Bloggen an sich ist ja schon eine recht eitle Sache, die eigene Gedanken-und Erlebniswelt für so interessant zu halten, dass man damit die Öffentlichkeit belästigt. Das ist im besten Falle unterhaltsam und anregend, hat aber in den meisten Fällen eine sehr begrenzte Halbwertzeit. Und das ist ja auch richtig und gut, das ist die Stärke des Bloggens, die unmittelbare Aktualität. Doch dann? Muss denn wirklich alles archiviert werden, wer soll das denn bitte alles noch lesen? Irgendwann legt sich der Datenmengen-Mantel gnädig über den alten Kram. Es gibt wirklich wenige Blogs die als Gesamtkunstwerk zu sehen sind.

Wie wäre es damit: jetzt sofort anfangen und für jeden neuen Blogbeitrag hinten einen alten Beitrag löschen! In meinem Falle wären dann nur die Beiträge des letzten Jahres noch greifbar und schon das ist eigentlich zuviel. Die Selbstdarstellung wäre auf einen Zeitraum begrenzt. Jeder und alles befindet sich doch ständig im Wandel, die alten Entgleisungen, Meinungen und Termine sind doch schnell überholt. Auch der Grundgedanke eines Online-Tagebuches ist doch absurd. Wenn überhaupt bedeutet Bloggen doch lediglich, ein eigens vorzensiertes Tagebuch ins Netz zu stellen, keiner ist doch so blöd hier alles zu veröffentlichen, wahrlich und ehrlich. Die wirklichen Kracher des Lebens sind zu einer Veröffentlichung sowieso nicht geeignet, die Angst vor mitlesenden Arbeitgebern und der eigenen Courage schränkt das ganze doch stark ein. Das wirkliche Tagebuch des Lebens ist in Kopf und Herz.
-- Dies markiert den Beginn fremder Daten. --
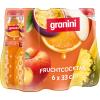 GRANINI Fruchtcocktail 7930611 33 cl, 6 Stk.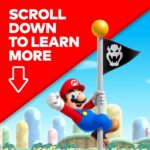 Super Mario 3D Worlds + Bowser'S Fury (Nintendo Switch) - Image 2
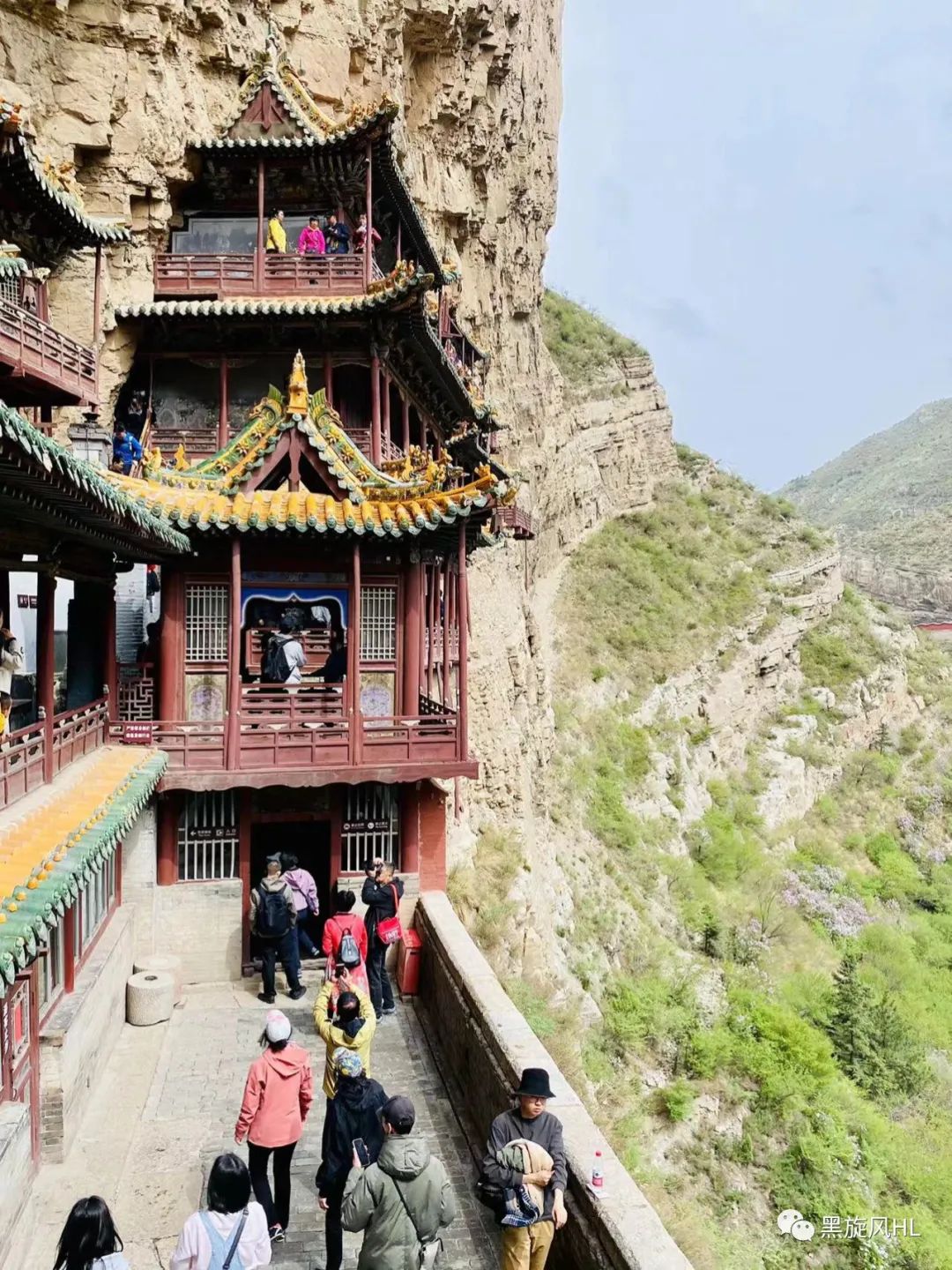 浑源县五岳镇北岳恒山,浑源县北岳恒山庙会有吗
Trotzdem macht Bloggen ein bisschen gläsern, wer möchte kann anhand eines Blogs doch schon sehr viel über den Schreibenden erfahren und wer in seinem Blog nicht zur totalen Kunstfigur verkommt, macht sich im wahrsten Sinne des Wortes lesbar. Auch hier hilft das sich selbst zerstörende Blog, denn lesbar ist dann immer nur ein halbwegs aktueller, begrenzter Zeitraum der eigenen Gedankenwelt und niemand kann einen für Dinge verantworten, die man vor Jahren gedacht und geschrieben hat. Ein wirklich befreiender Gedanke.

Sorgen macht mir, dass ich noch zögere, diese wirklich brilliante Idee umzusetzen. Habe ich was übersehen?